Em se tratando de Picasso, nem se fala. Há o Picasso da fa­se azul, roxa, amarela, verde etc. etc. É um Picasso diverso, nu­meroso ou, se me permitem a metáfora, um Picasso de porta de tinturaria. A visita olha para as telas famosas e sofre uma crudelíssima humilhação plástica. Há um ceguinho na rua do Ou­vidor, que vive a tocar, ao violino, eternamente, o mesmo tan­go. E os que passam vão pingando, no pires, a moeda de sua caridade. Eis o que eu queria dizer: — o sujeito que entra em tal residência sente-se o próprio ceguinho da rua do Ouvidor.
Pois bem. E o palácio, feérico como um velório, abriu, de par em par, as suas portas de bronze. Era uma festa. Todo o grã-finismo presente. E também presentes o corpo diplomático, os representantes dos três poderes. Do lado de fora, a plebe lam­bia com a vista as jóias, os manteaux, os sapatos de prata, os penteados de Josefina Bonaparte etc. etc.

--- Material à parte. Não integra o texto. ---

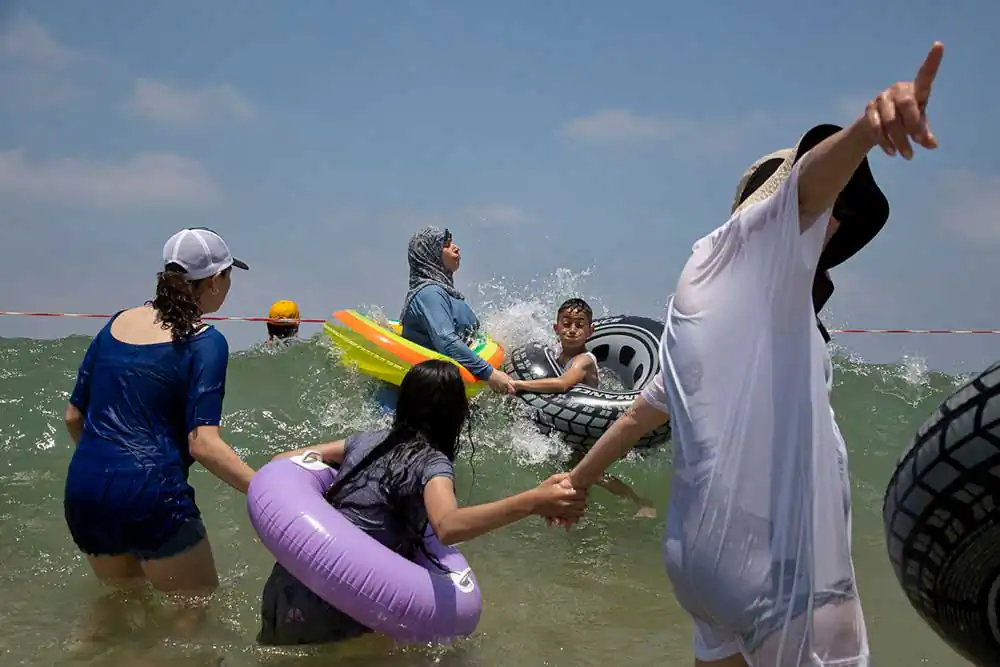 A day at the beach | Efrat Sela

Há de perguntar quem me leia: — e por que esse bárbaro esplendor das Mil e uma noites? Ora, nenhuma família gasta tan­to sem uma intenção precisa e, por vezes, inconfessável. Cabe então a pergunta: — e por que se fazia, no Brasil, uma festa as­sim delirante? Os donos da casa queriam talvez competir com o Patino?
Agora vem a surpresa realmente deliciosa: — uma grande figura ia ser recebida. Mas quem? A rainha da Inglaterra, que, por sutilíssimas razões de Estado, antecipara a sua chegada? Não. Não se tratava de Sua Majestade. Para não tomar o tempo do leitor, encerro aqui o suspense — quem ia ser recebida era uma senhora comunista.

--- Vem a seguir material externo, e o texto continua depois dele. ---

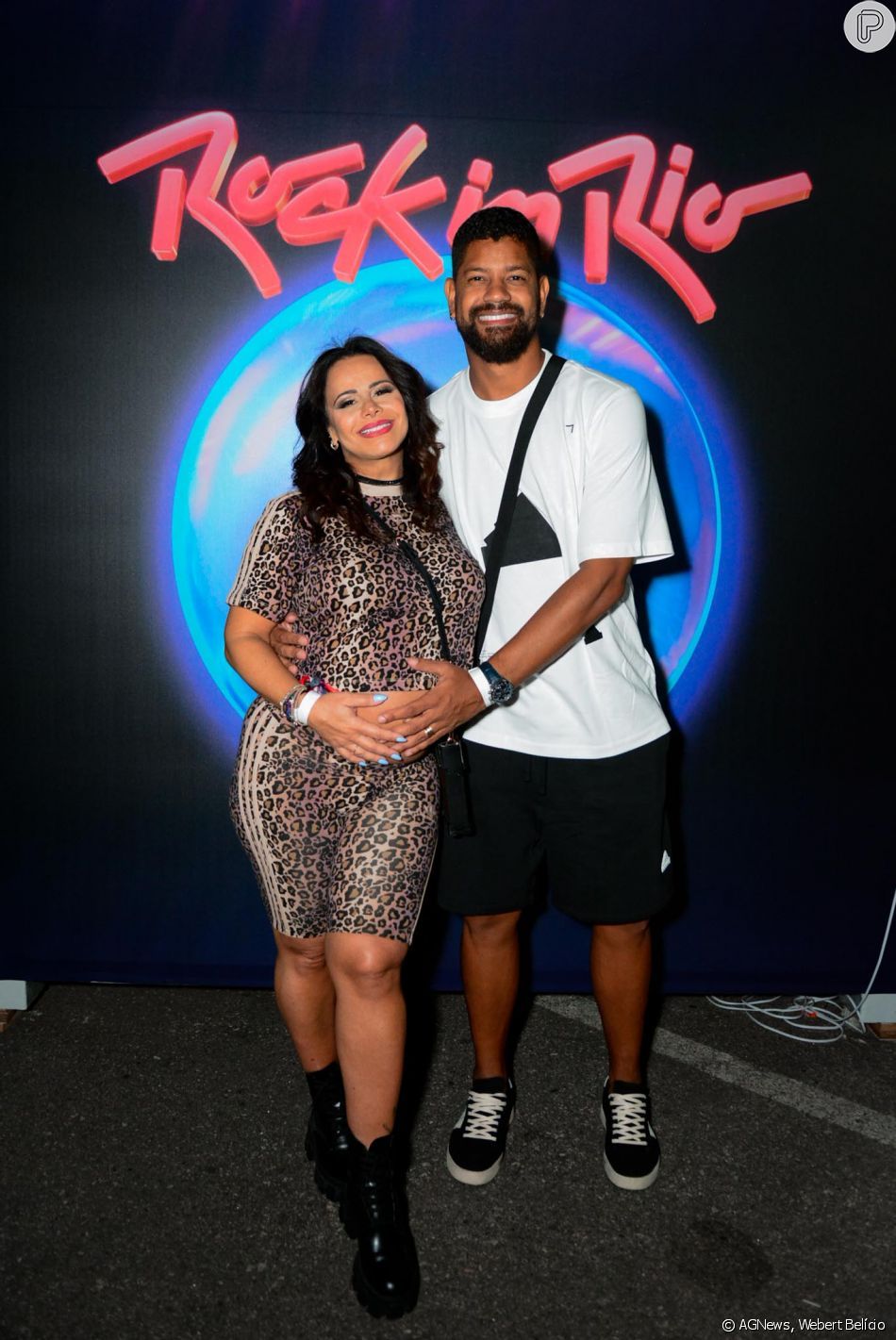 No fim da gravidez, Viviane Araujo foi com Guilherme Militão ao Rock in Rio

Exatamente: — uma senhora comunista. Portanto, tratava-se de uma festa ideológica. Imagino que o leitor queira saber nome, endereço, filiação, estado civil e outros dados pessoais de “La Passionaria”. Vejamos, primeiro, o nome. Chamava-se... Bolas, não me lembro. Acho que é, se não me engano, Malvina, d. Malvina.
Malvina, Malvina. Engano meu. Estou fazendo confusão com a linha de bonde Malvino Reis. Seria Mavílis? Também não. Mavílis é um clube de futebol do subúrbio. Mas como se cha­mava o diabo da mulher? Desculpem. “Mulher”, não. Dama, senhôra, com acento circunflexo.
Vejam vocês. Por um desses lapsos funestos, não consigo me lembrar do nome. Sei do feitio do nariz, da cara, sei do sa­pato. E só não sei do nome. Malvina, não é. Vamos chamá-la de “La Passionaria”. Pois bem. E “La Passionaria” era a musa da festa. Os donos da casa avisavam aos recém-chegados: — “Vem Fulana! Vem Fulana!”. E os convidados iluminados. En­tre parênteses, “La Passionaria” não foi a primeira a chegar, e longe disso. De caso pensado, para fazer suspense, custou a apa­recer. Por fim, já se insinuava a hipótese de um bolo ignominioso. De repente, alguém veio correndo: — “Chegou, che­gou!”. Houve um frêmito nos decotes.
Os donos da casa se arremessaram. “La Passionaria” che­gava, com o marido, um estrábico. Entre parênteses, esclareço que não tomo o estrabismo por defeito. Na minha infância co­nheci uma menina a quem chamavam de “caolha” e que foi uma das minhas primeiras namoradas por isso mesmo, por ser “cao­lha”. Dei a explicação e passo adiante. “La Passionaria” foi lo­go envolvida, quase raptada, pelos presentes. Lera um pouco de Marx e mais do que as orelhas de Marcuse. Ou por outra: — o marido, o estrábico, é que lera algum Marx e achava Mar­cuse “perfumaria”.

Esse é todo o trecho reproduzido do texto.